De las infinitas formas que existen para diferenciar a las personas basándose en las experiencias vividas, hay una que de forma significativa pergeña amplias lindes en la relación que tienen con el mundo: los que de niño han tenido pueblo y los que no.

Y es que tener pueblo permite al bisoño acceder a un mundo cuya realidad es mucho menos almibarada y pacata que la de la ciudad. Es la ambivalencia entre la vida y la muerte. Y así el mismo niño que destroza a pedradas el nido de la golondrina, sacará adelante al polluelo caído, alimentándolo con pan untado en leche mientras siente con sorpresa cómo esa bola de plumón trémula y caliente late sobre la palma de su mano.

El núbil recibe las lecciones del mundo en sus propias carnes, y así descubrirá la forma y color de las ortigas después de que su piel se haya taraceado numerosas veces con exantemas y roséolas, y diferenciará el tomillo del espliego cuando las púas amoladas de éste le hayan escarificado brazos y piernas durante sus caminatas campo a través.

La postal de los pueblos españoles es casi siempre la misma: casas enjalbegadas para mitigar el calor del estío, un campanario engaviado en lo alto, caminos exornados por un manto de pequeñas piedras de muladar al paso de las ovejas, y ese pequeño regato casi siempre seco, sin peces pero con ranas, que tantas horas de entretenimiento dan a los impúberes.

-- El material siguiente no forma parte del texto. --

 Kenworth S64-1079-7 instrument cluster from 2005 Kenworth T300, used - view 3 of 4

En la noche, las viejas farolas pintan las calles de un amarillo macilento que forma parte ya del paisaje bucólico moderno; pero no será hasta el conticinio cuando el vientre ebúrneo de la lechuza resbale sobre los tejados de las casas camino al campanario, donde permanecerá horas enteras rasgando la noche queda con su silbo.

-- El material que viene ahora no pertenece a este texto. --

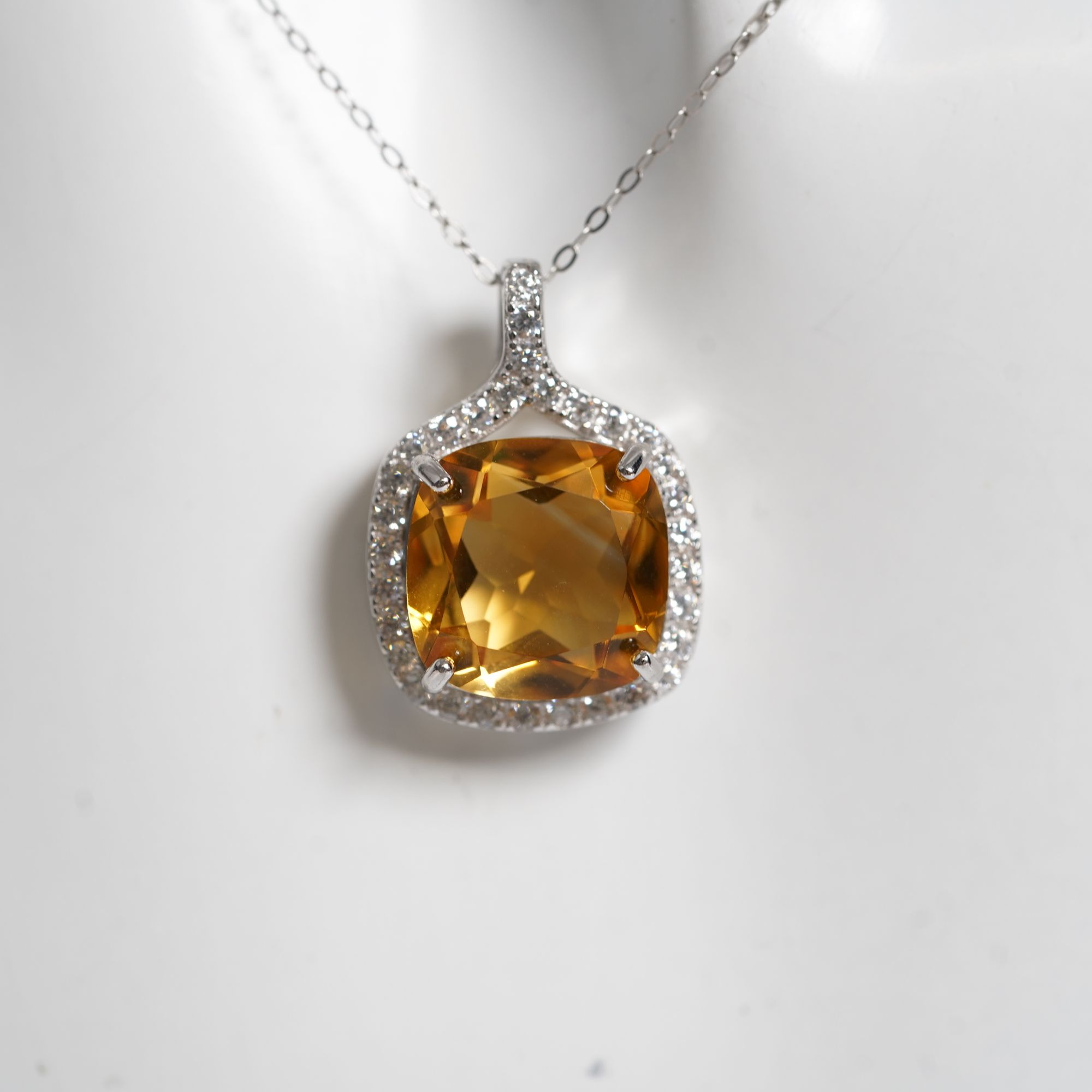 JSHSD0761-黄水晶吊坠（主石约12CT）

Ilustración de Víctor Pastor.

En el pueblo cualquier refacción es una fiesta, porque allí no se come, se embaula. Migas, rancho y raciones abundantes de longaniza, chorizo y queso sirven de pábulo en cualquier momento del día, siempre acompañadas por buenos tragos de lo viejo, servidos sin distinción en bota o porrón, zaque o colodra.

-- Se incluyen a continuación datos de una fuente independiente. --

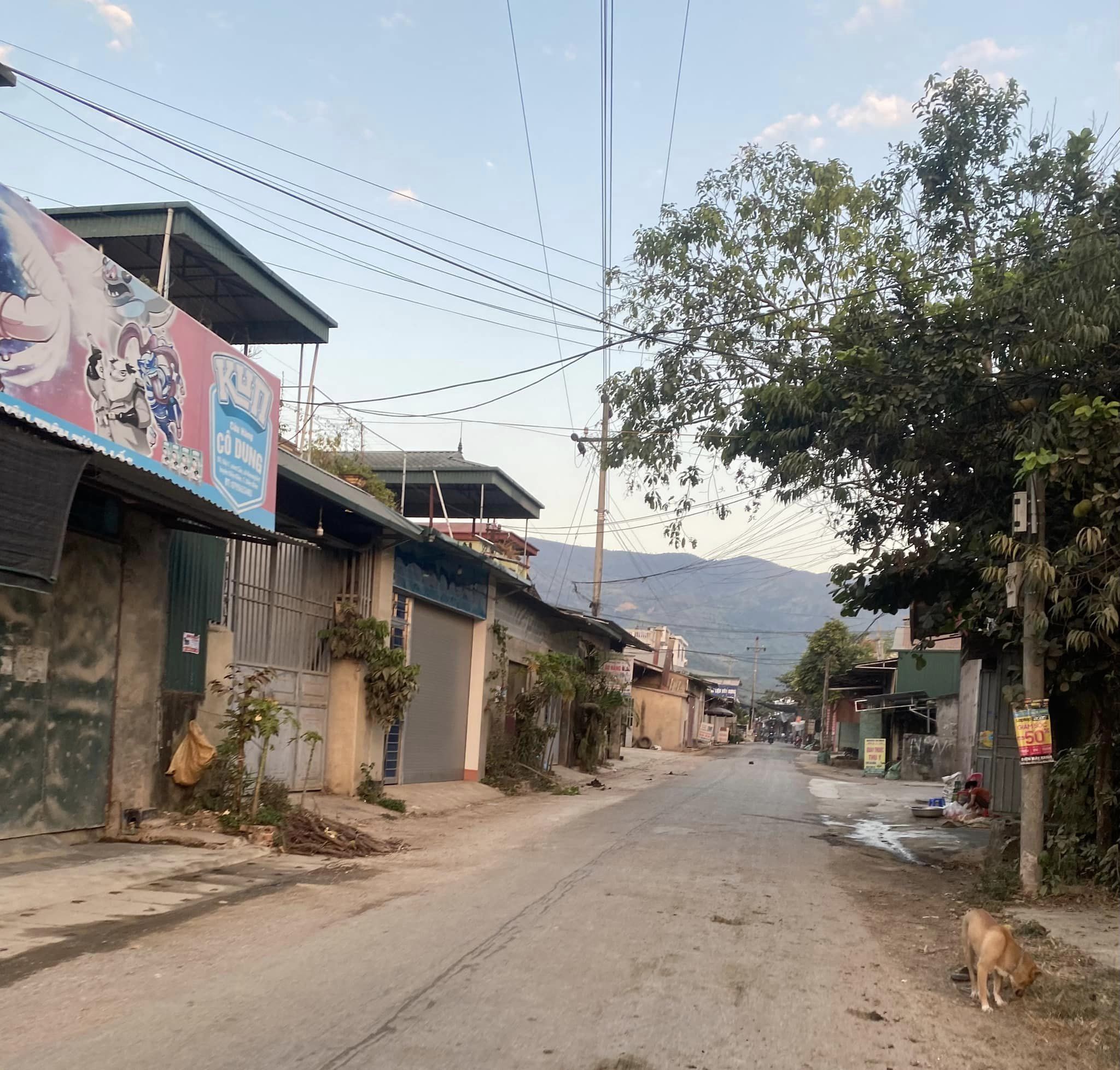 Em có mảnh đất ở đội 9 Pom Lót, huyện Điện Biên cần bán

Y el tañido del esquilón de la iglesia que llama a misa, porque los pueblos son el último reducto de la fe en este país. «María, segundo toque ya» decía mi abuelo, siempre tan atento a no hacer tarde a ningún sitio; con esas lecciones de educación y decoro que tanto se estiman por esos lares y las cuales mucha gente de la ciudad ha cambiado por una fatua y enteca cultura, como si no fuera posible tener ambas.

Y las mujeres tomando la fresca en la calle preguntan a uno «¿y tú de quién eres?», queriendo conocer cuáles son mis raíces en ese pueblo o si solo soy un foráneo que está de visita. Porque claro, en los pueblos existen dos tipos de personas, los de allá y el resto.

Pero si algo me llevo de mis veranos de infancia en el pueblo es el disfrute de los mayores bailando el pasodoble, recordando cómo giraban agarrados por la plaza y sintiendo como después de cuarenta años juntos se necesitan y por eso se quieren, y a la vez se quieren y por eso se necesitan. Y eso es algo que nuestra generación ya no verá -y perdonen- en la puta vida.